Do you have a favorite jacket? Maybe you inherited it from your father or grandmother. What if, one day, you are walking down the street, and a random person walking down the road offers you $100 for it? They show you three recent online sales where it sold for $95, $100 and $95. It is the exact same coat. Of course, you refuse.
It has sentimental value, and you would never sell it. But, they are incensed. This person simply cannot understand why you refuse to sell for fair market value. Luckily, no one can force you to sell your favorite jacket, but if you own a family plot of land or home, and the government comes for it, your luck has run out.
The process of eminent domain allows both state and federal governments to take your Maumee, Ohio, land and any improvements (homes, crops, barns, etc.) on it, even if you do not want to sell it. Of course, this taking is supposed to be for a public use, but often, these reported public uses are private uses or business uses masquerading as public benefits. You will receive what the government deems “just compensation,” or if you fight it in court, fair market value for the property, but rarely can you stop the taking itself.
The right of state and federal governments to take your land is enshrined in the constitution, but so is your right to receive just compensation. What this means is the vast majority of current litigation as courts have largely allowed governments to qualify anything as a public use. Unfortunately, since you are not a willing seller, the buyer is not engaging in a good-faith negotiation.

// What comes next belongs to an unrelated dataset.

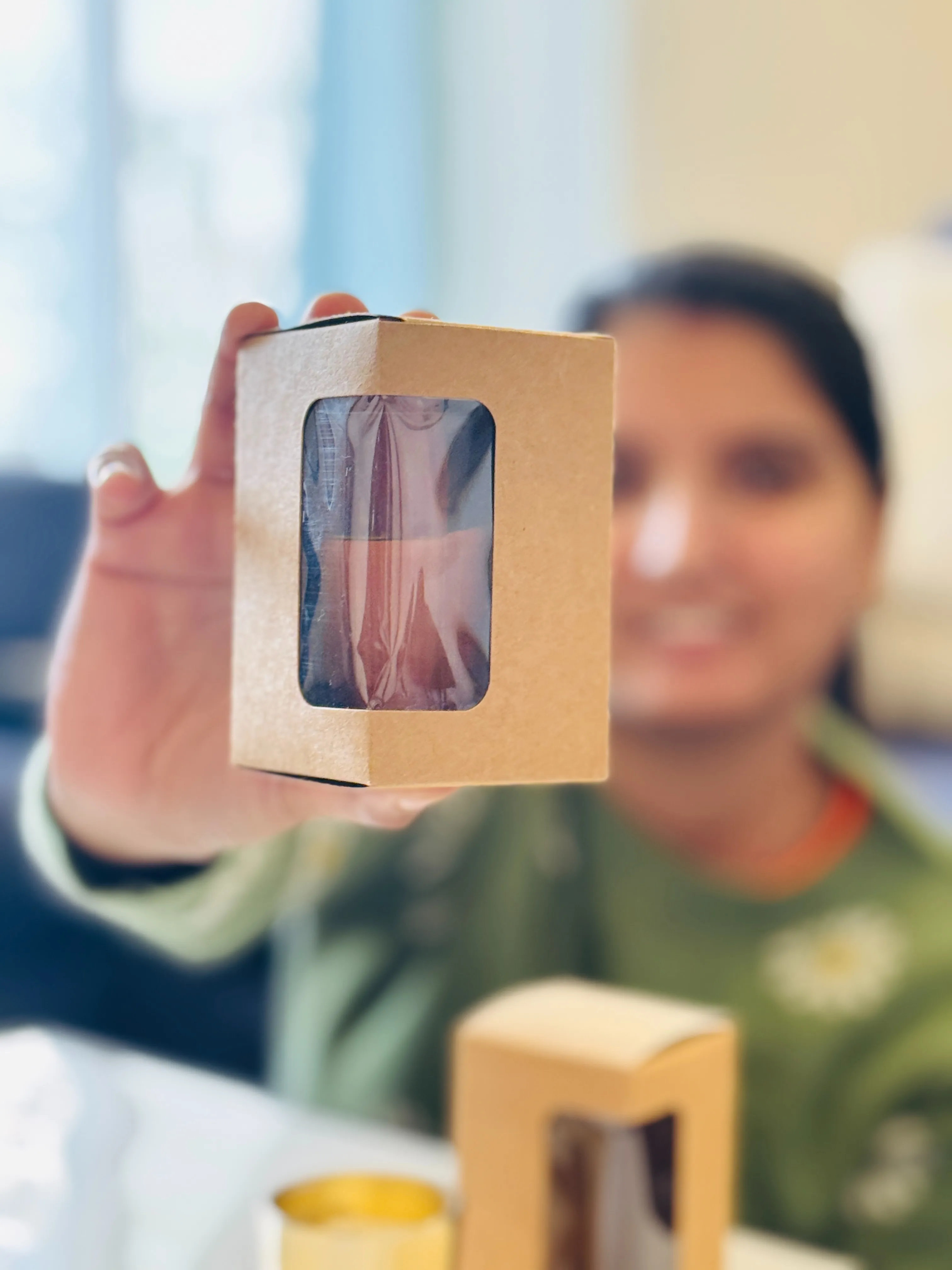 Entrepreneur Shruti Kundan with her candle product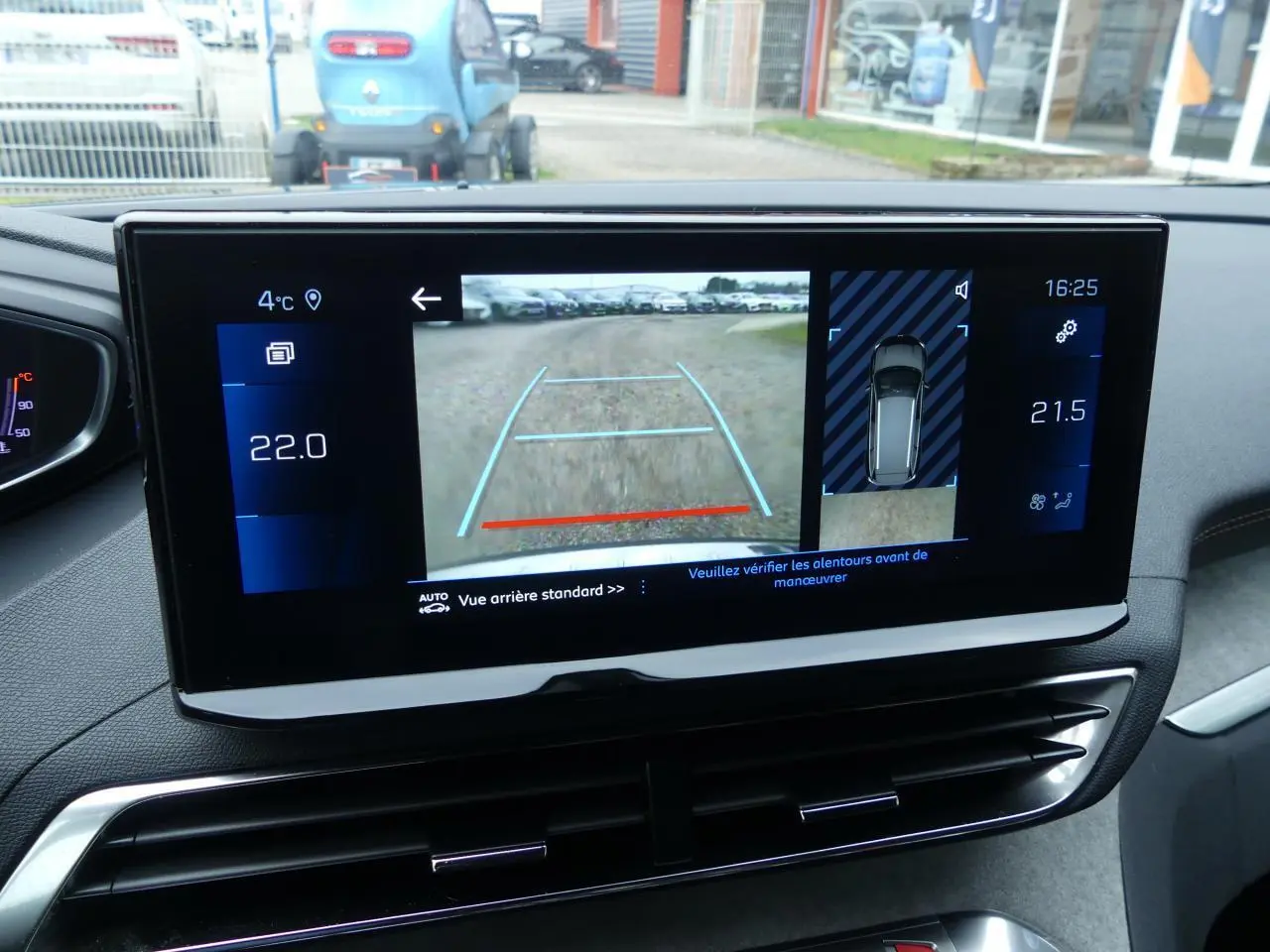 Écran tactile du tableau de bord du Peugeot 5008 GT 2023 montrant la caméra de recul et les réglages de climatisation.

The government, in essence, is engaging in a forced sale. This means, in trying to determine fair market value, they are creating a legal fiction of a phantom seller, which is not you, and a disinterested buyer, which is not the government, over the value of your greater Toledo metro area property that does not have special values, which it does by the very fact that there is an eminent domain action. As a result, to call whatever conclusion the courts reach as “just” is laughable, but it is why you need counsel to maximize that value.
Eminent domain is not done unilaterally
While the government may act like the eminent domain price is a forgone conclusion, it is not. The price they offer to pay upfront is just that, an offer. However, that amount can be litigated and increased with the help of expert northwest Ohio witnesses and counselors.